3. Identify CPU Steal Time Trends
To get a more detailed view of CPU steal time over a period, use:
sar -u 1 10 | grep "steal"
Expected Output
This command provides CPU usage statistics every second for 10 seconds, including steal time:
12:00:01 AM CPU %user %nice %system %iowait %steal %idle
12:00:02 AM all 2.30 0.00 1.20 0.50 0.20 95.80
...
4. Check for Overcommitment
High CPU steal time often indicates that the physical host is overcommitted. Check the number of virtual CPUs (vCPUs) assigned to your instance:
lscpu | grep "^CPU(s):"
Expected Output
You should see the number of CPUs assigned to your instance:
CPU(s): 4
5. Migrate to a Less Loaded Host
If possible, migrate the instance to a less loaded host. This can be done through your cloud provider’s management console or using command-line tools specific to your environment.
6. Optimize Workload Distribution
Distribute workloads more evenly across instances to reduce the load on any single instance. This might involve scaling out your application or using load balancing.
7. Update Prometheus Configuration
If the CPU steal time threshold needs adjustment, update the Prometheus alert expression and reload the configuration:
Edit the Prometheus configuration file (usually prometheus.yml):
- alert: HighCpuSteal
expr: avg without (cluster) (rate(node_cpu_seconds_total{mode="steal"}[10m])) * 100 > 5
for: 5m
labels:
severity: critical
annotations:
summary: "High CPU steal time on {{ $labels.instance }}"

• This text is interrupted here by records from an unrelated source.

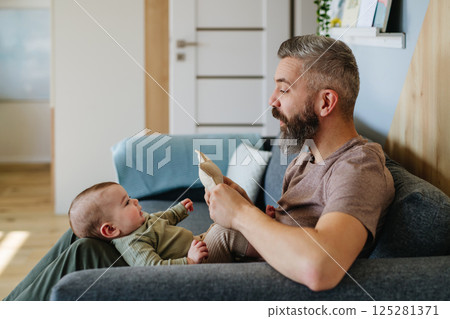 Father holding baby boy on his lap. Father holding baby boy on his lap. 125281371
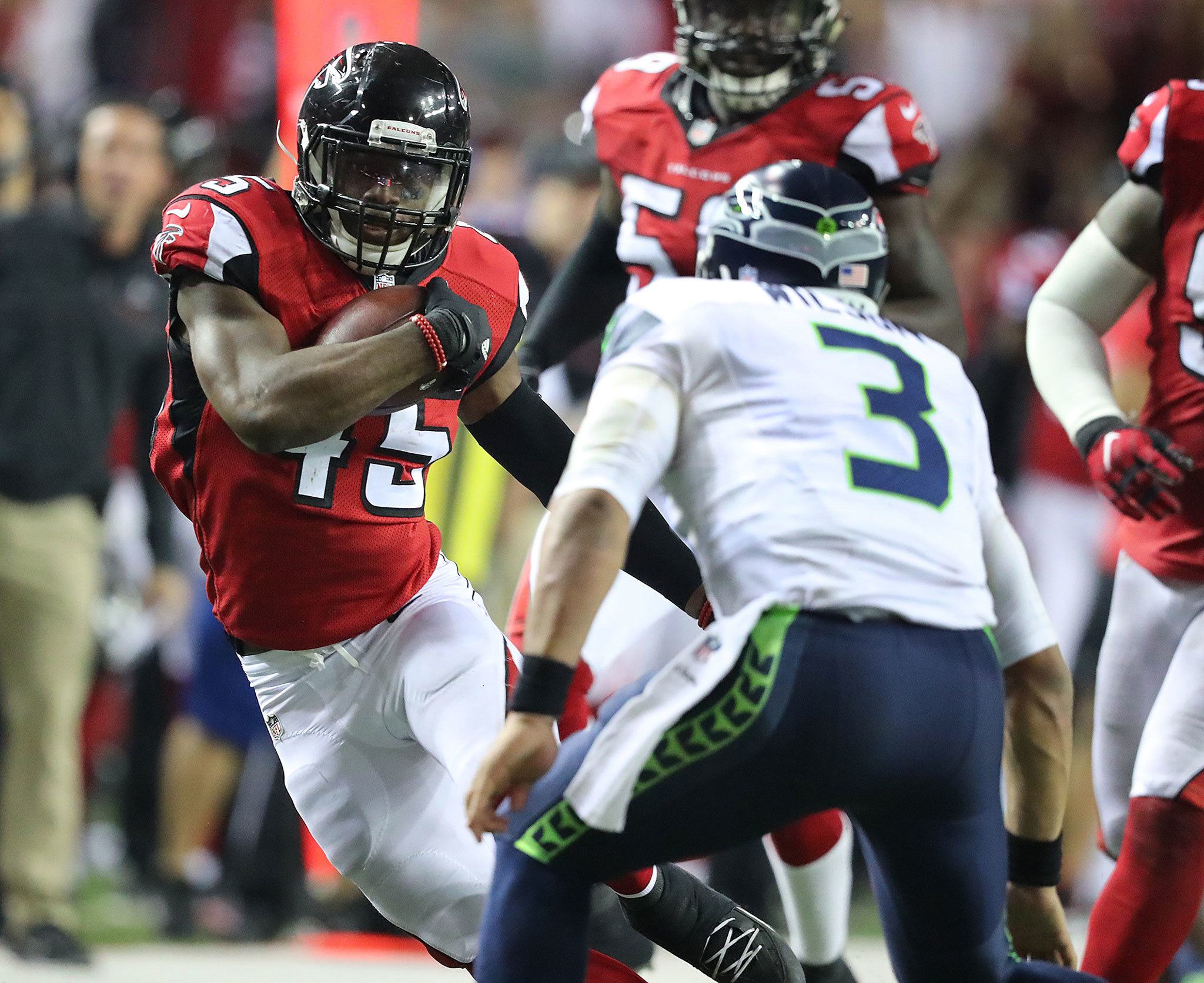 (Curtis Compton | Atlanta Journal-Constitution) Atlanta Falcons linebacker Deion Jones intercepted Seattle Seahawks quarterback Russell Wilson, who tried to make the tackle on Jones’ return run in the final minutes of the NFC Divisional Playoff on Saturday at the Georgia Dome in Atlanta. The Falcons won, 36-20.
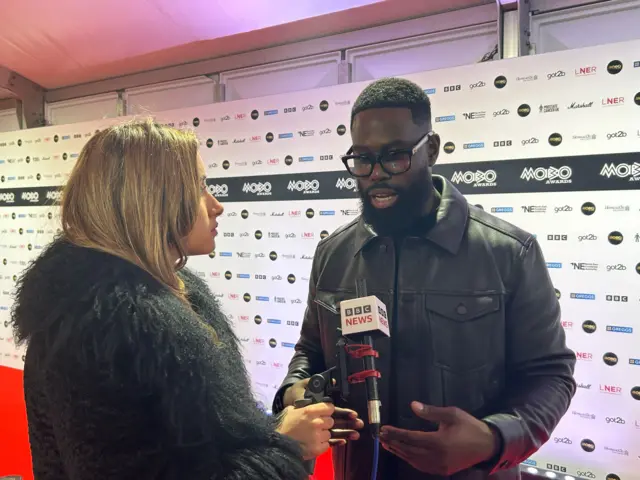 Lola Schroer and Ghetts speaking on the red carpet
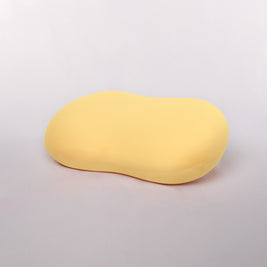 Yellow oval object on a light gray background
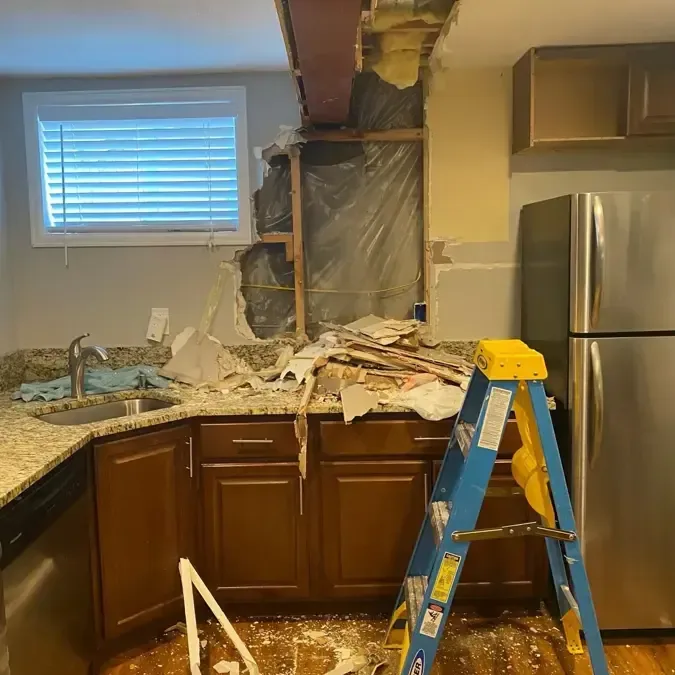 Kitchen ceiling cut open so a leak from the floor above can dry out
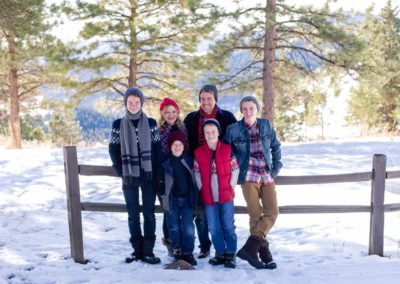 Littleton family teen photographer in Colorado snow mountains view winter wonderland hats boys brothers Mt. Falcon foothills fresh powder photography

description: "CPU steal time is above 5% on {{ $labels.instance }}."
Reload Prometheus configuration:
curl -X POST http://<prometheus_host>:<prometheus_port>/-/reload
Expected Output
Prometheus should reload the configuration without errors, and the alert should be updated accordingly.
Conclusion
By following these steps, you should be able to troubleshoot and resolve the “HighCpuSteal” alert. If the issue persists, further investigation into the specific processes and system configuration may be necessary.